Obtain the equation of circle, centre (1,0) which passes through the point P (3,3/2). Find also the equation of circle which touches the given circle externally at P.

Given centre of circle, C(1, 0) and external point P(3, 3/2).

(x - h)² + (y - k)² = r²
(1 - 3)² + (0 - 3 / 2) = r²
(-2)² + (-3 / 2)² = r²
r² = 25 / 4
r = (5 / 2) units

Therefore the equation of the circle is,
(x - 1)² + (y - 0)² = (5 / 2)²
x² -2x + 1 + y² = (25 / 4)
On simplifying we get, 
4x² + 4y² - 8x - 21 = 0

The question should be "Find also the equation of the equal circle..." otherwise, there is insufficient information to be able to determine the equation of the circle.

Note:
When two circles touch externally, 
Distance between their centres = sum of their radii

Since the circles are equal, their radii are the same(= 5 / 2 units).
Since they touch externally at P and their radii are the same, P is the midpoint of the line joining the two circles.
Let the centre of the second circle be C(h, k)

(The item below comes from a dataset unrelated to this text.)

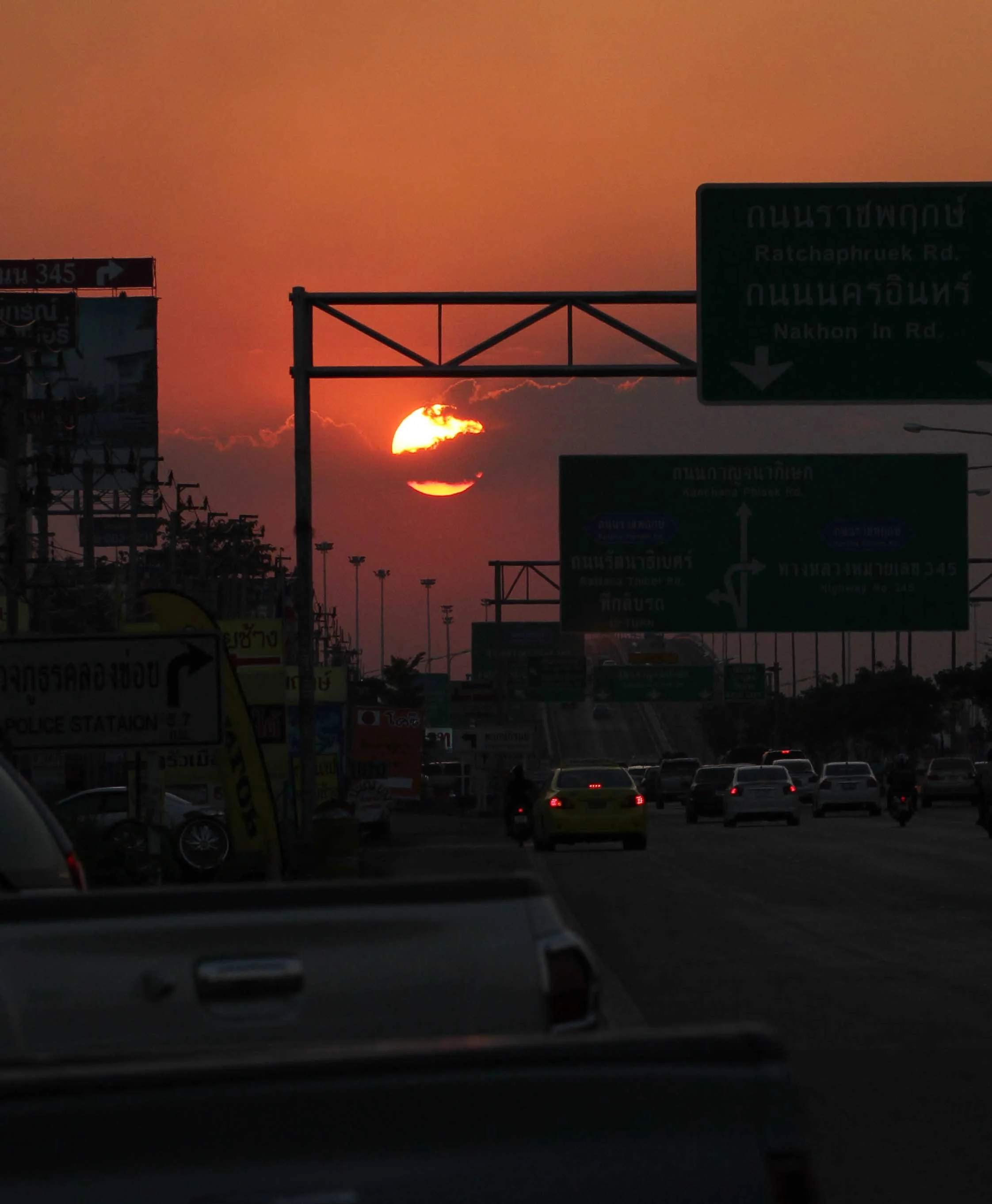 2015 Bangkok Sunset, Orchids and Misc (18).JPG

Applying midpoint formula, 
P_x = (h + 1) / 2
3 = (h + 1) / 2
h + 1 = 6
h = 5

P_y = (k + 0) / 2
(3 / 2) = (k + 0) / 2
k = 3

Therefore, the centre of the second circle C(h, k) = (5, 3)
The equation of the second circle is, 
(x - h)² + (y - k)² = r²
(x - 5)² + (y - 3)² = (5 / 2)²
x² + 25 - 10x + y² + 9 - 6y = (25 / 4)
On simplifying we get, 
4x² + 4y² - 40x - 24y + 111 = 0